Doctoral Dissertations

Date of Award

8-1983

Degree Type

Dissertation

Degree Name

Doctor of Philosophy

Major

Geography

Major Professor

Theodore H. Schmudde

Committee Members

Charles S. Aiken, Thomas L. Bell, Charles L. Cleland

Abstract

The purpose of this study is to analyze the impact of amenity landownership with its characteristics of high land prices, absentee ownership, and land parcellation on farming and the use of cropland. Talbot County, Maryland, was chosen for study because it is a predominantly rural farm area with a long history of agriculture and popularity as a retreat area.

The results of the study indicate that the purchase of land for amenity uses pushes farmland prices beyond that justified for farm use, leads to increased absentee ownership of farmland, and contributes to the parcellation of cropland.

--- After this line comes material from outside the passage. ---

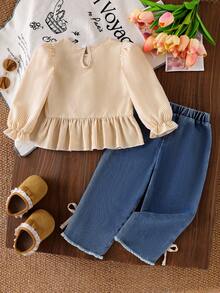 2 件套女婴时尚甜美服装，饰有装饰性蝴蝶结，条纹长袖休闲衬衫上衣和蝴蝶结装饰磨损腰部松紧腰牛仔裤套装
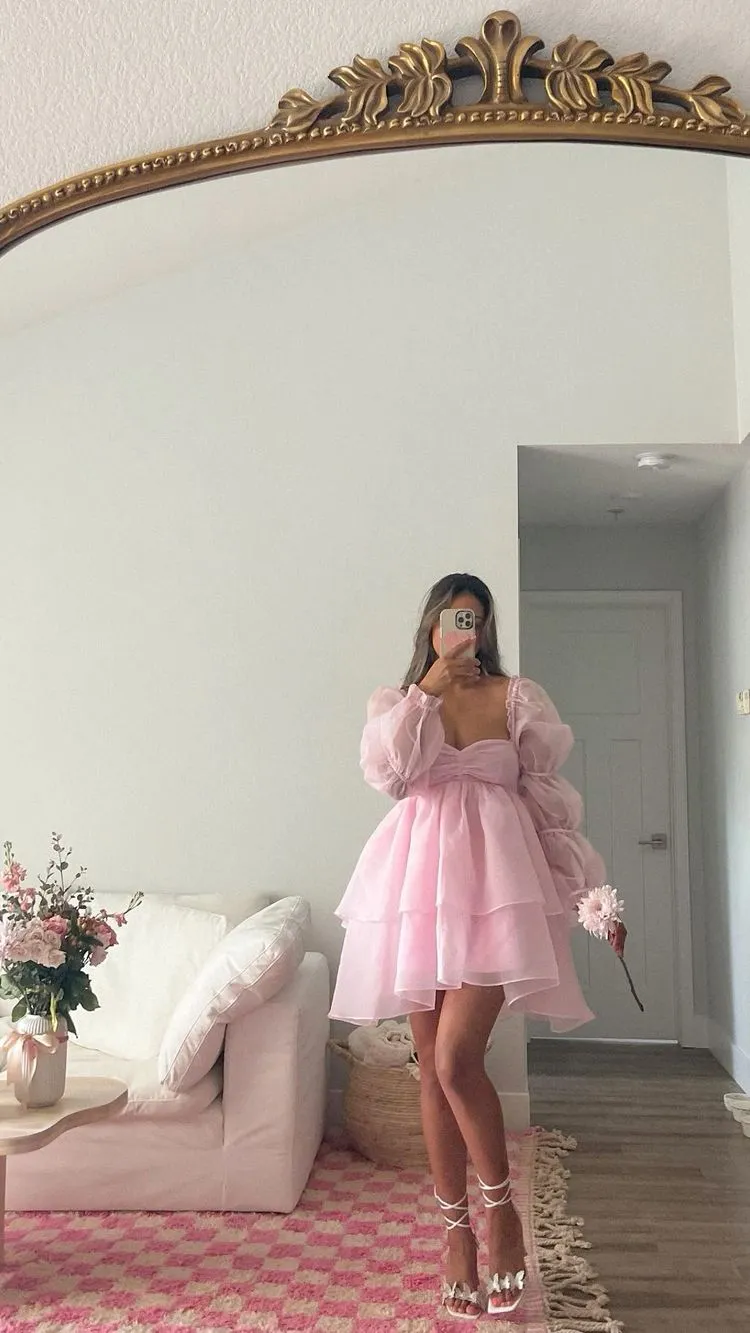 Diynav A-line Puffy Dress Pink Homecoming Dress HZ1017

While a substantial part of the cropland parcelized into properties of less than twenty acres has been lost from production, evidence shows only very small losses on larger sized properties held by amenity owners. In fact, ownership of large acreages by amenity-seeking nonresidents has forestalled parcellation and the loss of cropland. Not only do the amenity owners subsidize farming by keeping high priced land in such a "low-order" use as agriculture, many are active in public planning efforts to preserve and sustain it. They see farming as enhancing the quality of the area and as an essential part of the atmosphere that attracted them to the area. As a consequence, agriculture remains vital and dynamic and the cropland acreage has remained nearly constant for three decades.

Unable to purchase the land they need because of high prices, fanners increasingly become renters of the land they use. High prices and intense competition for land make it difficult for many aspiring and existing farmers to get a self-sustaining acreage. In response, some quit while others turn to part-time farming.

Parcellation, high land prices, absentee ownership and the pressures to till more land have caused territorially fragmented farm operational units to become the dominant type. Although not causal of its existence, amenity ownership of farmland has accentuated the dominance of specialized grain farming in the county.